AIM OF THE TASK →
The data below holds a line containing "Detail of black" and a line containing "Older car radio display tuned to FM 106.7"; please quote exactly those two lines and every line between them, and nothing else.

Short descriptive text snippets
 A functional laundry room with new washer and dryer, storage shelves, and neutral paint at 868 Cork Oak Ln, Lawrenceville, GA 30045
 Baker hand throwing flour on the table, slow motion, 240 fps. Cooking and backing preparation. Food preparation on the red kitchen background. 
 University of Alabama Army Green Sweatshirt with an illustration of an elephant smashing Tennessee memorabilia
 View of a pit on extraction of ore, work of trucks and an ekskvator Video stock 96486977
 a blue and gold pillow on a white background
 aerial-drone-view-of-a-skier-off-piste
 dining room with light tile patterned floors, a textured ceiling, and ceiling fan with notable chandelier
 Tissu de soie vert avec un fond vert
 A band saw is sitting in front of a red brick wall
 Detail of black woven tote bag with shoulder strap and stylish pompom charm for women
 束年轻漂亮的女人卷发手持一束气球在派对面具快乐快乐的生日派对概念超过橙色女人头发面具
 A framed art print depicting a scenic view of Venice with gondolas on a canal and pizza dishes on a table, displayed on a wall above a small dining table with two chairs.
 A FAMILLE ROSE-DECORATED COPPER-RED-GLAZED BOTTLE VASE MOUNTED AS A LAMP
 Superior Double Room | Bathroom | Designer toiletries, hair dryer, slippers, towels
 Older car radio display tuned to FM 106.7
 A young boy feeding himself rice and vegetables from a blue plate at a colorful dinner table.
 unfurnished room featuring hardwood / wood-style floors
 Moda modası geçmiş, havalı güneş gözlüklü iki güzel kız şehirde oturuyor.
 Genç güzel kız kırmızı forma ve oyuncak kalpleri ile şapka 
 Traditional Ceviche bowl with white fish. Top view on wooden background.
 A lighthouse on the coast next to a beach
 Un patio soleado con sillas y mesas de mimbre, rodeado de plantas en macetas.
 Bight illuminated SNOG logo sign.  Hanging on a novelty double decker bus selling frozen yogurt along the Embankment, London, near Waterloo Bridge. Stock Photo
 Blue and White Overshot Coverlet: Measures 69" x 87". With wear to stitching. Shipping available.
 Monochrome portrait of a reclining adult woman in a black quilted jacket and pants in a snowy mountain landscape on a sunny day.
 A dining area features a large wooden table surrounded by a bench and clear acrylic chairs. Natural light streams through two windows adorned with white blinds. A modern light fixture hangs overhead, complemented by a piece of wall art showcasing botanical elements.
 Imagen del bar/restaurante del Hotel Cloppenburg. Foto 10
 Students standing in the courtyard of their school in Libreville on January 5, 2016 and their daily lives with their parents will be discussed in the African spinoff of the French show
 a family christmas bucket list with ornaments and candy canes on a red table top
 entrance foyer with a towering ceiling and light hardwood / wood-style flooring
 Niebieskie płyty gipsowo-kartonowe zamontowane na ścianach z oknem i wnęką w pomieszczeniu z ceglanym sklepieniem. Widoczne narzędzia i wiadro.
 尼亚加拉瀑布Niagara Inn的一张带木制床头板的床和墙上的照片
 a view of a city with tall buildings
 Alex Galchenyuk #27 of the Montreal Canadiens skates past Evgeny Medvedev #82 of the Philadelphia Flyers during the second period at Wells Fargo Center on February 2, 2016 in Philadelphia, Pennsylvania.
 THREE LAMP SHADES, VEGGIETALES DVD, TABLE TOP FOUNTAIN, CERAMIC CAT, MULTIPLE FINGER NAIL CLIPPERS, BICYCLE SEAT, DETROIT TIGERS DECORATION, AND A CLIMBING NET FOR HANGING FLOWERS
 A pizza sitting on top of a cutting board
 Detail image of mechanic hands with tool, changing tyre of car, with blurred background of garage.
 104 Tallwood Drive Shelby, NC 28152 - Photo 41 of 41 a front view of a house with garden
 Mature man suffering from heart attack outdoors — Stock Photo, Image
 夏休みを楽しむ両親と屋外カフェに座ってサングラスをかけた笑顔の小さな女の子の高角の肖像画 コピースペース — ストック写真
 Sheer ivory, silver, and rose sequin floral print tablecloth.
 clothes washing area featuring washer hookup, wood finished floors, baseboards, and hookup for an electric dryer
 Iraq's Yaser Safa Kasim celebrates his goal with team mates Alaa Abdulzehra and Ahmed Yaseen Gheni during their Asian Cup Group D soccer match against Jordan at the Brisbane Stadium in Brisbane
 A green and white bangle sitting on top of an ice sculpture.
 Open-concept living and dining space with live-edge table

REPLY TO THE EXERCISE →
 Detail of black woven tote bag with shoulder strap and stylish pompom charm for women
 束年轻漂亮的女人卷发手持一束气球在派对面具快乐快乐的生日派对概念超过橙色女人头发面具
 A framed art print depicting a scenic view of Venice with gondolas on a canal and pizza dishes on a table, displayed on a wall above a small dining table with two chairs.
 A FAMILLE ROSE-DECORATED COPPER-RED-GLAZED BOTTLE VASE MOUNTED AS A LAMP
 Superior Double Room | Bathroom | Designer toiletries, hair dryer, slippers, towels
 Older car radio display tuned to FM 106.7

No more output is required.